The second type of parenthood education definitely encompasses the modern time period. There has been “research on the consequences of adolescent childbearing also suggests that many of the negative effects of having children early could be prevented or at least minimized by lessening the disruptive economic impact of teenage parenthood on young women’s lives” (3). There have been few strategies though that have been effective on a large scale. One approach involves school-based sex education and school-based health clinics where adolescents can gain information about sex and pregnancy and evaluations have proven that these programs actually reduce the rate of teen pregnancy(3). But, the only downfall is that many parents do not approve of these types of programs in their community. Many policymakers have called for changes in the ways that schools treat pregnant students. Often the pregnant teens are treated as misfits and thought of as “bad girls”. They are not given the same respect that other students receive. Some of the most important changes are adaptations in the school schedules and the development of school-based child-care centers(3). This way, the teen mothers are able to stay in school after their child is born and they are given the same opportunity to get an education.

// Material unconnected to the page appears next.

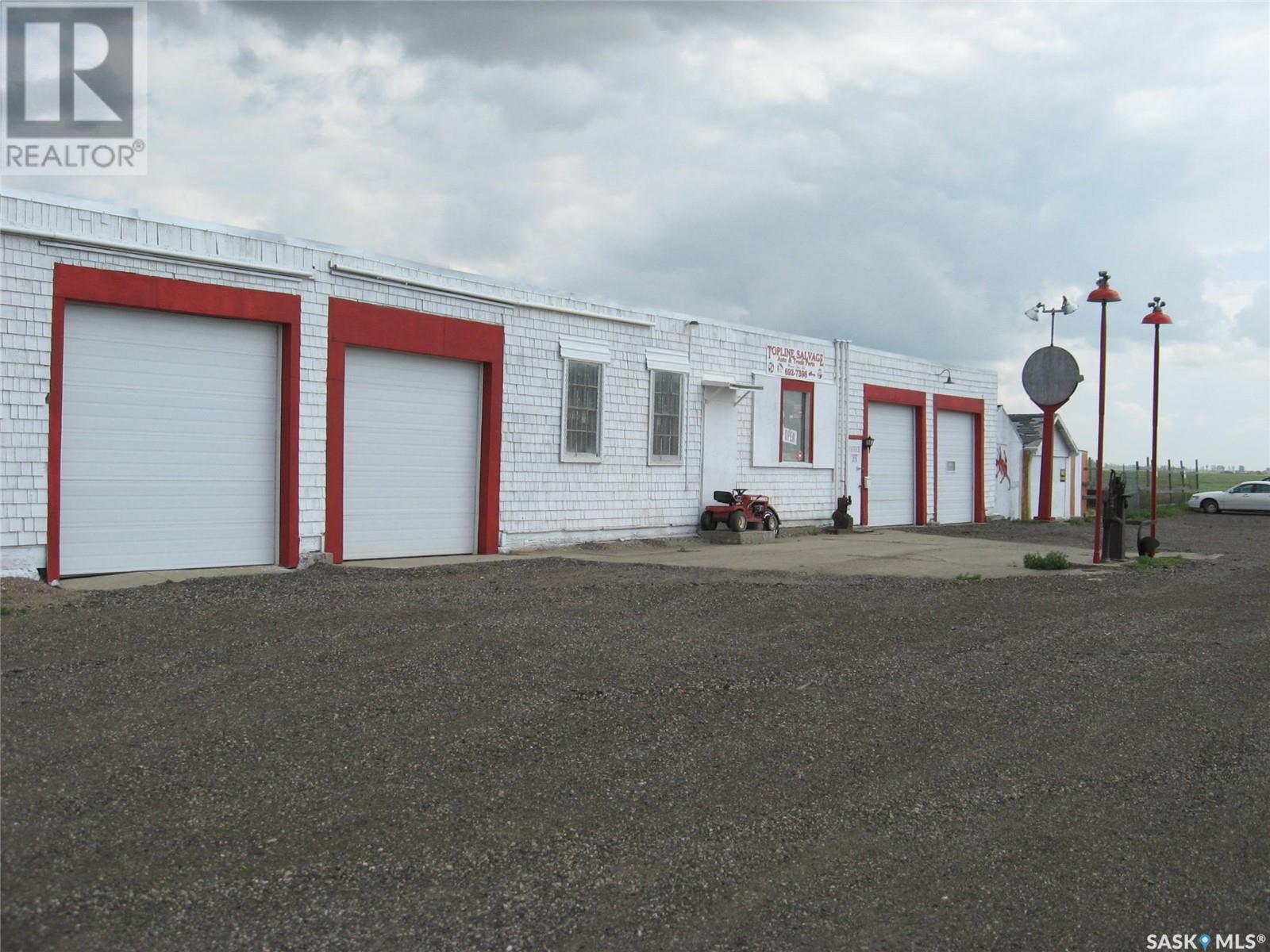 Top Line Salvage, Moose Jaw Rm No. 161, SK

One other program that has been
implemented in high schools that started out in Syracuse, New York, is the
Young Mothers Educational Development (YMED) Program. This program
provides an alternative high school for pregnant and parenting
teenagers(4). The classes are taught so that students can continue to
earn academic credit and help is provided with daycare for their babies as
well as medical services(4). There are many different programs like this
one all across America and it is shown that the outcomes for the teenagers
who attend these alternative schools appear to be highly favorable.
1 Habenstein, Robert & Olson, Roberta Ann. (1992). Families and children in history. In Clarence Eugene Walker & Michael C. Roberts (Eds.), Handbook of clinical child psychology (pp. 3-17). New York: John Wiley & Sons.
2 Bachu, Amara. (1999). Trends in Premarital Childbearing: 1934 to 1994. Current Population Reports, U.S. Census Bureau, 23-197
3 Steinberg, Laurence. (1993). Adolescence. New York : McGraw-Hill Inc
4 Michaels, Gerald Y. & Goldberg,
Wendy A. (1988). The transition to parenthood: Current theory and
research. Cambridge: Cambridge University Press.